The men who joined the retreat, held Aug. 26-28, heard from Father Paul Sabo, spiritual moderator for the Buffalo Diocesan Union of Holy Name Societies, and Father Peter Rowe, spiritual animator for the St. Catharines chapter, speak of their personal experiences visiting shrines where Mary has been said to have appeared.
"I wanted to share a little about apparitions in general. Why they are not necessarily part of our public requirement in terms of believing; we don't have to believe that they existed. They are private revelations. They really do help with the rejuvenation of our faith, I feel," said Father Rowe, who led the first half of the retreat.
He has been on several pilgrimages over the years and addressed his visits to Lourdes, France and Fatima, Portugal, mentioning the healings, both physical and spiritual, that pilgrims claim to have experienced at those sites.
"The healing happens to virtually everybody who visits there," he said. "There is the atmosphere, the reconciliation, the spiritual uplift that everybody gets. That's what I wanted to focus on."
Throughout his talks, Father Rowe focused on the message of mercy, light and peace that comes through when communing with saints.
"I wanted to do this because everybody asks questions in this day and age about the meaning of suffering, meaning of violence in our world. What's it all about? They ask questions about the global situation. Is there meaning in the global events going on? Does Mary have something to say about that?" he said.
Along with the talks, the retreats offer fellowship and camaraderie for the participants, who mostly come from Holy Name Societies. In the past few years, the members from the St. Catharines Diocese have been invited to come and be part of the retreat, which began over 20 years ago.
"I've been going to the men's retreat now since about 1995 actually," said Karl Spencer from Infant of Prague Parish in Cheektowaga. "I do it every year as a way of spiritual renewal, kind of reflect on my life, an annual life review. I've kept coming back because it helps me to keep my spiritual focus."
Work, family responsibilities and his involvement in his community can distract him from his spirituality, so he comes to the retreat to reconnect with his faith and make it a bit stronger.
"Sometimes it's just all my activities seem to pull me away from my spiritual foundation. I need this to reevaluate it and renew it," he said.
Spencer likes the retreat so much that this year he brought his father with him as a way of completing the circle of faith formation.
"It's a way for him and I to reconnect. He raised me and helped teach me my faith.
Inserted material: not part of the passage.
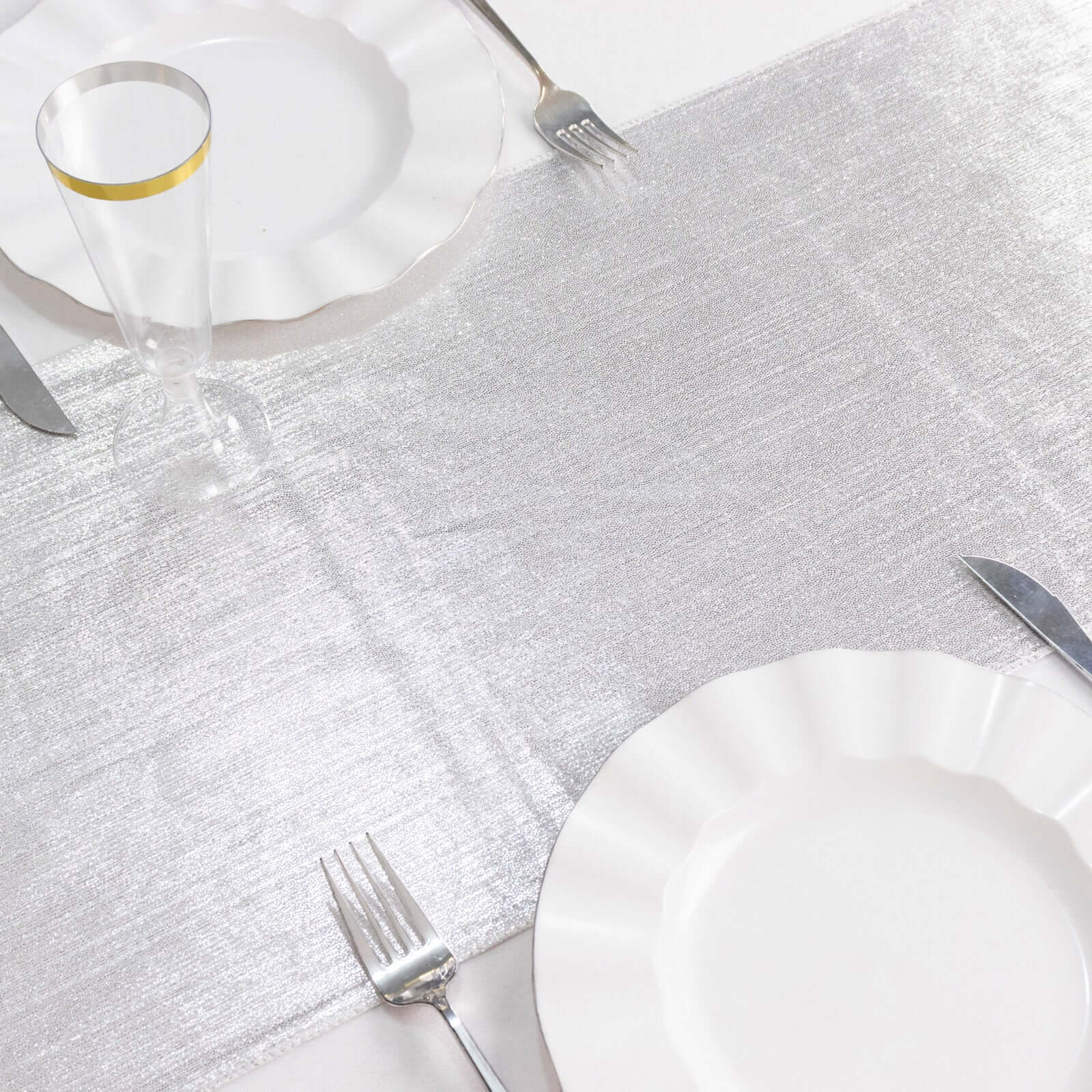 Polyester Table Runner 12"x108" Silver with Shimmer Sequin Dots Design - Wrinkle-Free Finish - Image 2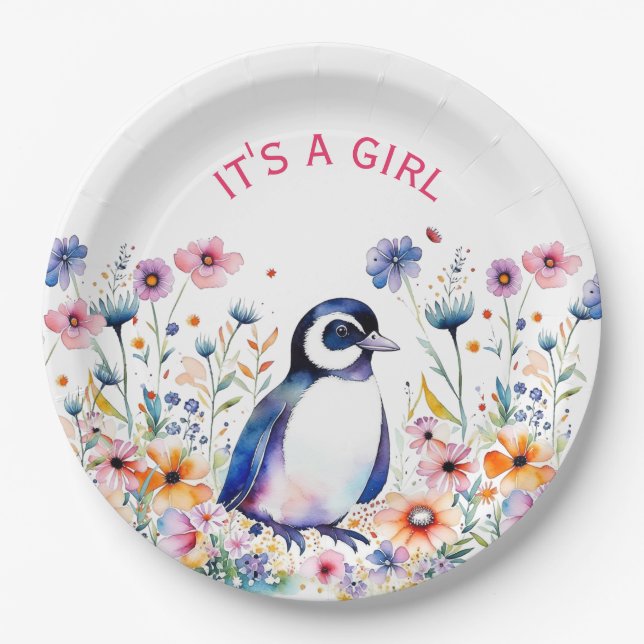 Baby Penguin in Flowers It's a Girl | Baby Shower Paper Plate (Front)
This is sort of like a little tribute to him, to bring him here and give him a chance to renew his faith," Spencer said.
For others, it's a time to relax and get away from the noise of everyday life and make prayer a main concern.
"What do they say? 'Stop the world and let me get off.' That's what it is for me. Take a few days away from everything. You don't hear a radio, you don't hear any bad news. While you're here, it's well worth it," said Cliff Saxer from Sacred Heart Parish, Bowmansville.
Raymond W. Zientara, director of the Diocesan Union of Holy Name Societies, heard participants mention that they were leaving the retreat with a better understanding of the Blessed Virgin and the Children of Fatima.
"The Fatima apparitions instructed us about the terrible gravity of the world situation and about the true causes of our evils, as well as teach us the means by which we must avoid the earthly and eternal punishments that await each of us."
This is the fifth retreat Zientara has attended, and already is planning next year's.
"Personally, I think that the men that attended left with somewhat more spirituality and a better understanding of the many events that occurred many, many, years ago and how they still affect our daily lives sometimes we just take everything for granted and never thing about those things," he said.